» Goal of the exercise:
Everything from the line containing "Crucifix Pendant 345" through the last line of the records below should be printed exactly, please, and nothing else.

» Exercise materials:
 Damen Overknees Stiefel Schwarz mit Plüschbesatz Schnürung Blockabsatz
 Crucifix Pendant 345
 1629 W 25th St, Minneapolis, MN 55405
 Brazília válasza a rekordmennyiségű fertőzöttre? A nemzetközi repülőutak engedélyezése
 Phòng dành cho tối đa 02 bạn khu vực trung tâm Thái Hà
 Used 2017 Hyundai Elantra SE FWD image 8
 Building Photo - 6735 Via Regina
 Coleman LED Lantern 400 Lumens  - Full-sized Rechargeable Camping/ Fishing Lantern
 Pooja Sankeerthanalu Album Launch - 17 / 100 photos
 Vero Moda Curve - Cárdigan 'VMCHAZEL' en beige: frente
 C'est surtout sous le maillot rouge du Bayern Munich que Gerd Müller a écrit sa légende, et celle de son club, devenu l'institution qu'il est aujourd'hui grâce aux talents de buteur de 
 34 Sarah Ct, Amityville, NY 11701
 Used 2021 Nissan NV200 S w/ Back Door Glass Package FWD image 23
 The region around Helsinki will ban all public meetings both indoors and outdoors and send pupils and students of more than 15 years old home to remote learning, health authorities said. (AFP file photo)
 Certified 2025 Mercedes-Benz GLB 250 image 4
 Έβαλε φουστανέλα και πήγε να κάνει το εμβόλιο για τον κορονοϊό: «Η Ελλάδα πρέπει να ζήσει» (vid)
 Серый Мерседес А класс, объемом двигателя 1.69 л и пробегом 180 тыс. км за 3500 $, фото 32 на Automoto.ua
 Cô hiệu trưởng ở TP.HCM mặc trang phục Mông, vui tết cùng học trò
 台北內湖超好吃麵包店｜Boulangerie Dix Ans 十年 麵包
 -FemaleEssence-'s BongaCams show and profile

» Exercise solution:
 Crucifix Pendant 345
 1629 W 25th St, Minneapolis, MN 55405
 Brazília válasza a rekordmennyiségű fertőzöttre? A nemzetközi repülőutak engedélyezése
 Phòng dành cho tối đa 02 bạn khu vực trung tâm Thái Hà
 Used 2017 Hyundai Elantra SE FWD image 8
 Building Photo - 6735 Via Regina
 Coleman LED Lantern 400 Lumens  - Full-sized Rechargeable Camping/ Fishing Lantern
 Pooja Sankeerthanalu Album Launch - 17 / 100 photos
 Vero Moda Curve - Cárdigan 'VMCHAZEL' en beige: frente
 C'est surtout sous le maillot rouge du Bayern Munich que Gerd Müller a écrit sa légende, et celle de son club, devenu l'institution qu'il est aujourd'hui grâce aux talents de buteur de 
 34 Sarah Ct, Amityville, NY 11701
 Used 2021 Nissan NV200 S w/ Back Door Glass Package FWD image 23
 The region around Helsinki will ban all public meetings both indoors and outdoors and send pupils and students of more than 15 years old home to remote learning, health authorities said. (AFP file photo)
 Certified 2025 Mercedes-Benz GLB 250 image 4
 Έβαλε φουστανέλα και πήγε να κάνει το εμβόλιο για τον κορονοϊό: «Η Ελλάδα πρέπει να ζήσει» (vid)
 Серый Мерседес А класс, объемом двигателя 1.69 л и пробегом 180 тыс. км за 3500 $, фото 32 на Automoto.ua
 Cô hiệu trưởng ở TP.HCM mặc trang phục Mông, vui tết cùng học trò
 台北內湖超好吃麵包店｜Boulangerie Dix Ans 十年 麵包
 -FemaleEssence-'s BongaCams show and profile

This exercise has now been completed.